> [Exercise aim] From the first line of the entries below through the line holding "next Case #7208 After", write out every line exactly, please, and leave out the pictures.

◇ ◇ ◇ ◇

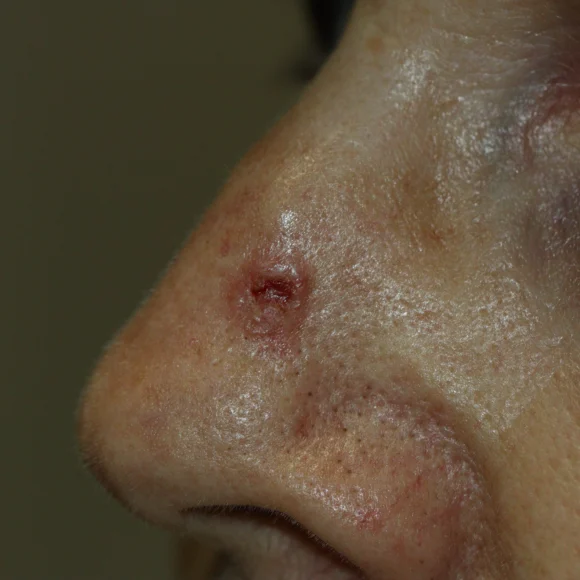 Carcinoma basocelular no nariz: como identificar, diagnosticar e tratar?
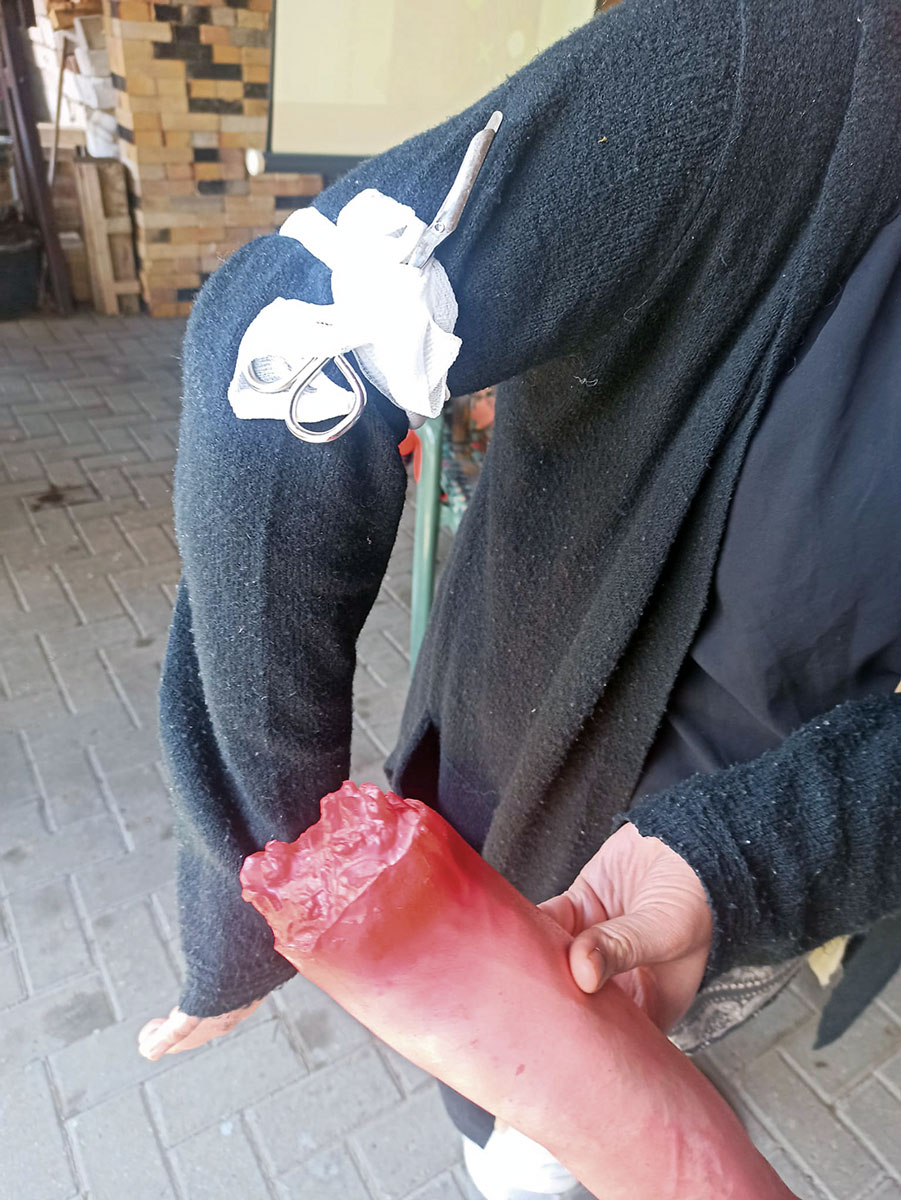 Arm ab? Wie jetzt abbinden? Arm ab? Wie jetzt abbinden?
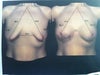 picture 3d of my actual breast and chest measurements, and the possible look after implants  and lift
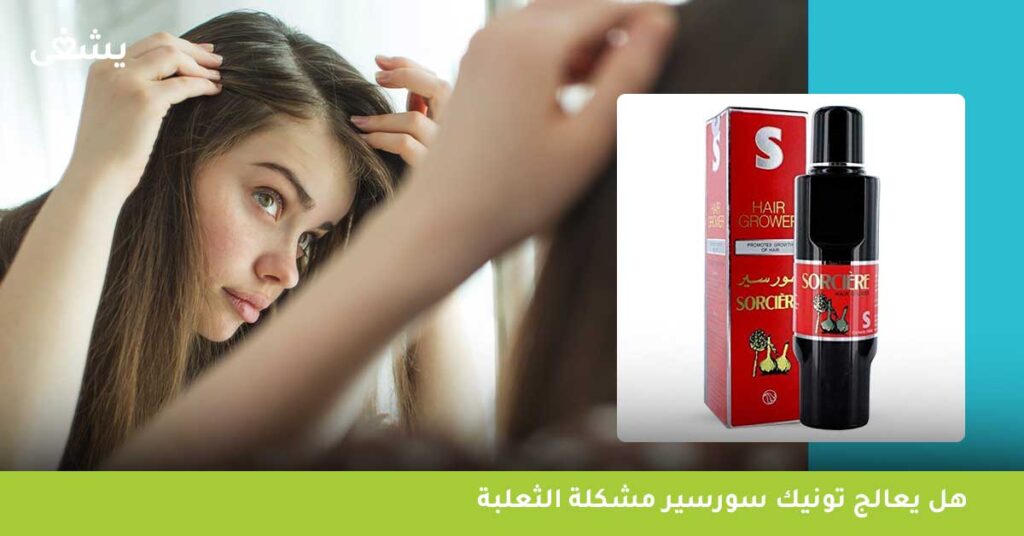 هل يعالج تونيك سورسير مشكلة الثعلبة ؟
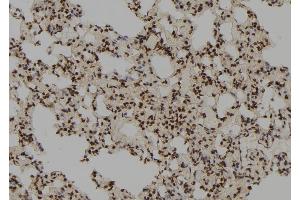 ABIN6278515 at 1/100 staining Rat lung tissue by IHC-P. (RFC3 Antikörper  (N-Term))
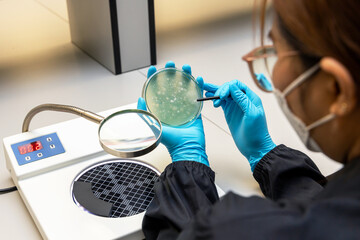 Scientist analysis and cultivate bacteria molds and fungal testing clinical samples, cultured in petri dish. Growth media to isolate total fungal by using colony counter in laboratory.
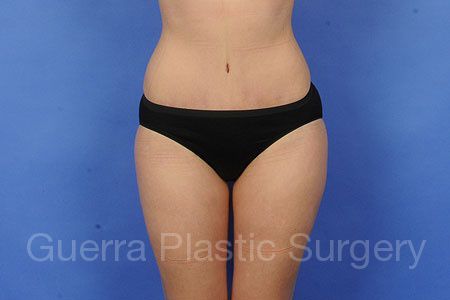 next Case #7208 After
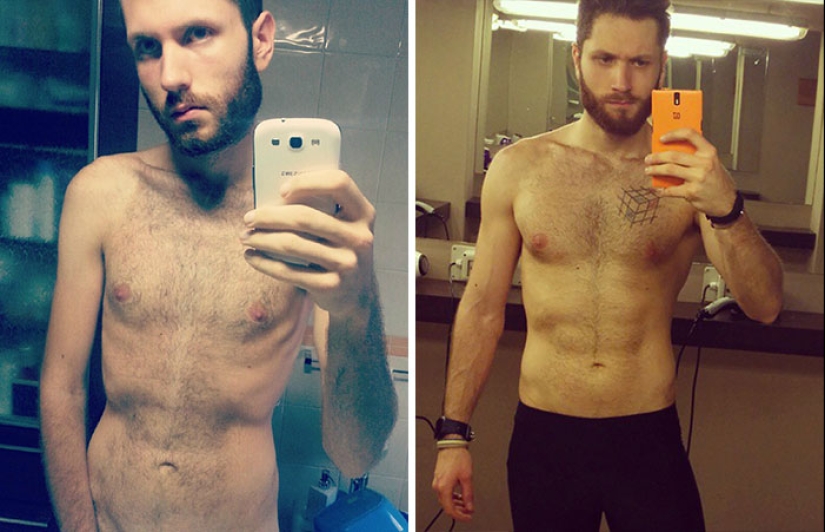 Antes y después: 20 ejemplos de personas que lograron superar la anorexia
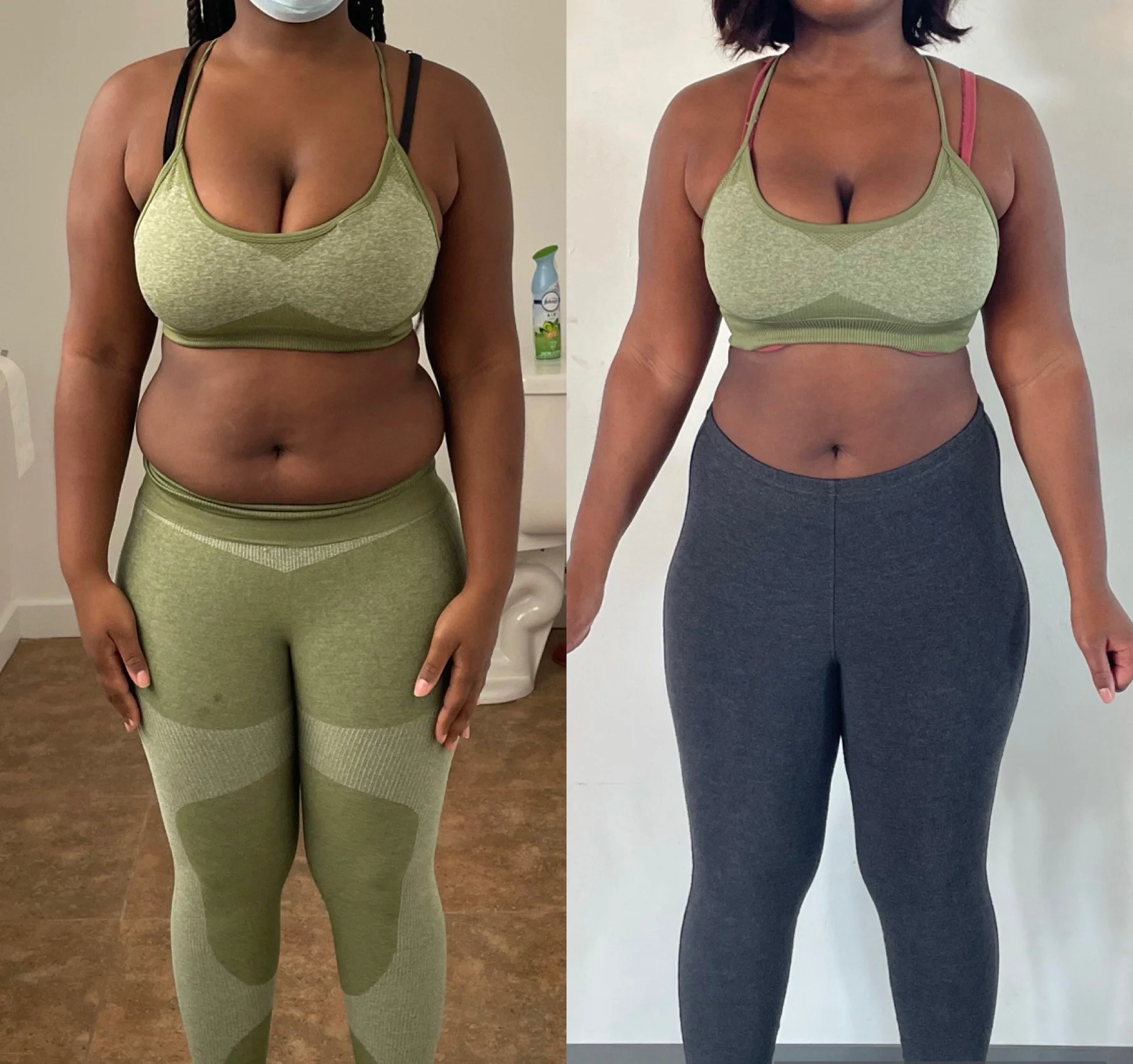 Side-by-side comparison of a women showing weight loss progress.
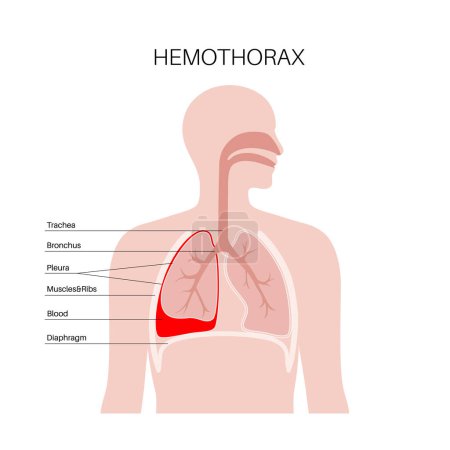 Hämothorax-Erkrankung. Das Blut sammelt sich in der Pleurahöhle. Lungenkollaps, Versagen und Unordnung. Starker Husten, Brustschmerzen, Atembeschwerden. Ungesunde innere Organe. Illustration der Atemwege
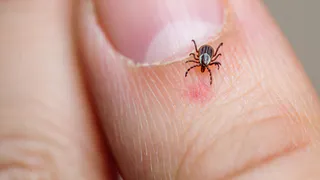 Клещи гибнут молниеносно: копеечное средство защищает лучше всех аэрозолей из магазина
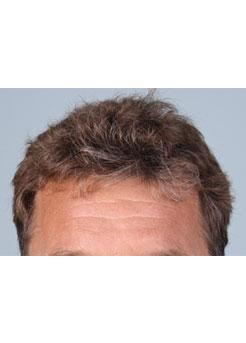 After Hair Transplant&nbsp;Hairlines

◇ ◇ ◇ ◇

> [Answer box]
 Carcinoma basocelular no nariz: como identificar, diagnosticar e tratar?
 Arm ab? Wie jetzt abbinden? Arm ab? Wie jetzt abbinden?
 picture 3d of my actual breast and chest measurements, and the possible look after implants  and lift
 هل يعالج تونيك سورسير مشكلة الثعلبة ؟
 ABIN6278515 at 1/100 staining Rat lung tissue by IHC-P. (RFC3 Antikörper  (N-Term))
 Scientist analysis and cultivate bacteria molds and fungal testing clinical samples, cultured in petri dish. Growth media to isolate total fungal by using colony counter in laboratory.
 next Case #7208 After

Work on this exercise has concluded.